Acclaimed hatch has gone under knife in a bid to close gap on newer rivals. have the changes been a success?
The Kia hatchback has been improved in virtually every way. It’s now better looking, more refined and cheaper to run. Plus, the new 1.6-litre diesel engine is a cracker. The steering still feels artificial, but overall this is a dynamic package to be proud of. The Cee’d is well worth a look as an alternative to mainstream five-doors.
It only feels like it was launched yesterday, but the Kia Cee’d has been given a mid-life facelift.
The results are impressive, with a fresh look and a raft of improvements for a car that first hit UK dealers in 2006.
For now, the five-door hatch and estate versions alone have been tweaked, with an upgraded three-door Pro_cee’d to follow in 2010.
A striking new grille and reshaped headlamps give the illusion of a lower, wider stance. At the rear, a refreshed tail-light cluster mimics the appearance of more expensive LEDs. Completing the look are revamped alloy wheels, as well as a choice of five new colours.
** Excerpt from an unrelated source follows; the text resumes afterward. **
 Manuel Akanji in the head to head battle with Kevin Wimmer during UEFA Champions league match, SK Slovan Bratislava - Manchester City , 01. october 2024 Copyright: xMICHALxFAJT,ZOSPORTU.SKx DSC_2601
Inside, the basic cabin is unchanged, but the central stack of the dashboard has been restyled. It’s now easier on the eye and more intuitive.
Better materials are used for the air vent surrounds and door trim, too, with high-gloss black included for the first time in a Kia. It’s subtle, but altogether more appealing.
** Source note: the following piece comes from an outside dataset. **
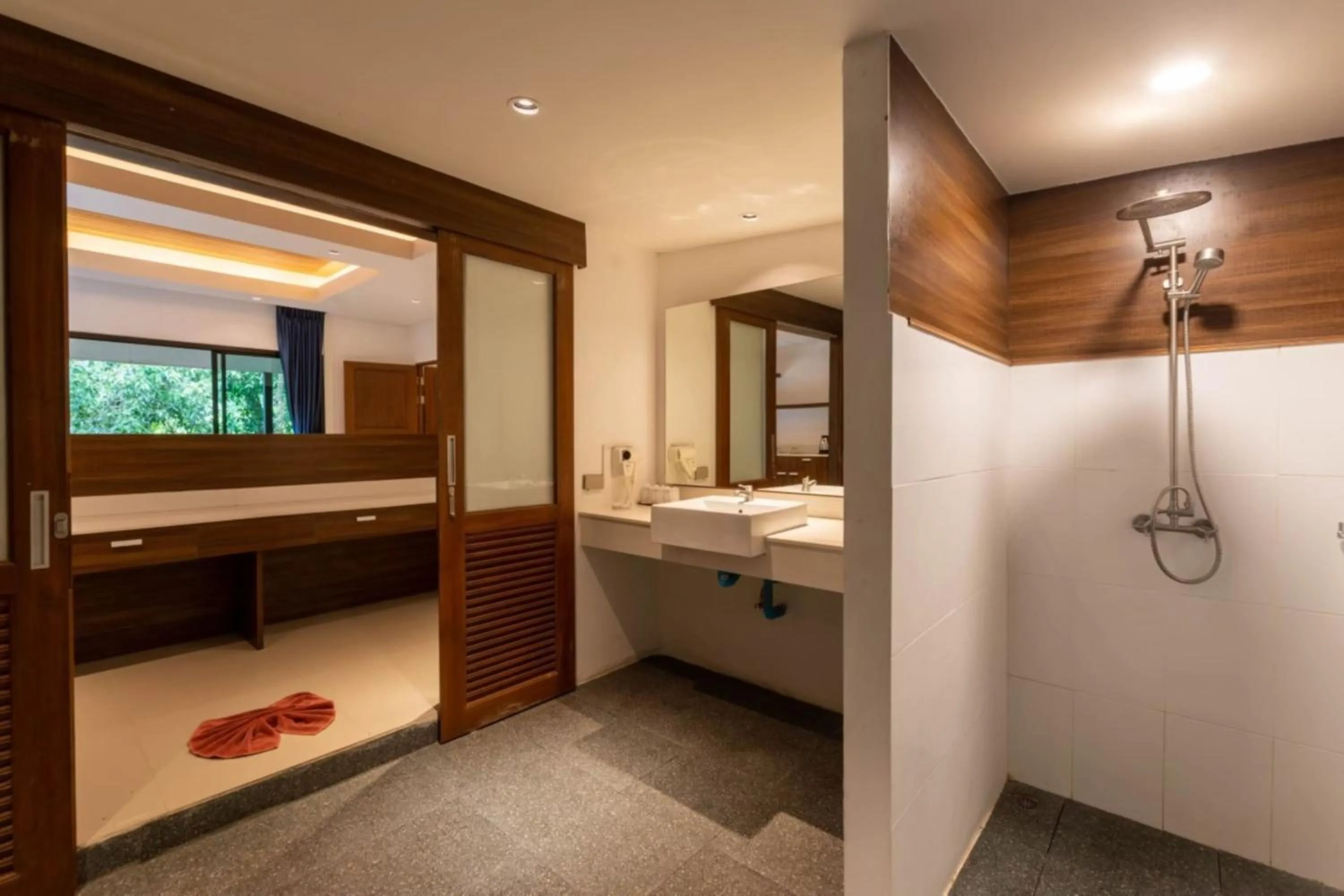 Shower in Rock and Tree House Resort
The company has bent over backwards to refine the experience from behind the wheel. Kia’s engineers have tweaked the suspension and chassis for a more comfortable ride, sharpening the steering and adding soundproofing inside the bodyshell. The result is that the Cee’d is a far quieter and more comfortable car.
The ride is impressively well damped, and takes the sting out of rough road surfaces, yet at the same time, the suspension is firm enough to resist body roll.
Buyers will still be able to choose from three petrol engines and two diesels, although the popular 1.6-litre CRDi oil-burner has been replaced by an all-new unit of the same capacity.
This promises greater torque from low in the rev range, while also giving improved fuel economy and emissions.
Elsewhere, the addition of low-resistance tyres across the range reduces average CO2 emissions.
The 89bhp 1.6-litre diesel is as impressive on the road as the figures suggest, with its 255Nm of torque making for effortless progress.
So overall, it’s a solid update for Kia’s hatch.
A sharper look blends with a stronger package to ensure the Korean five-door is now even better equipped to take on the best in its class.
Rival: Honda Civic Striking looks, punchy engines, a generous boot and sharp steering keep Honda near top of class. But impractical rear doors and poor visibility let it down.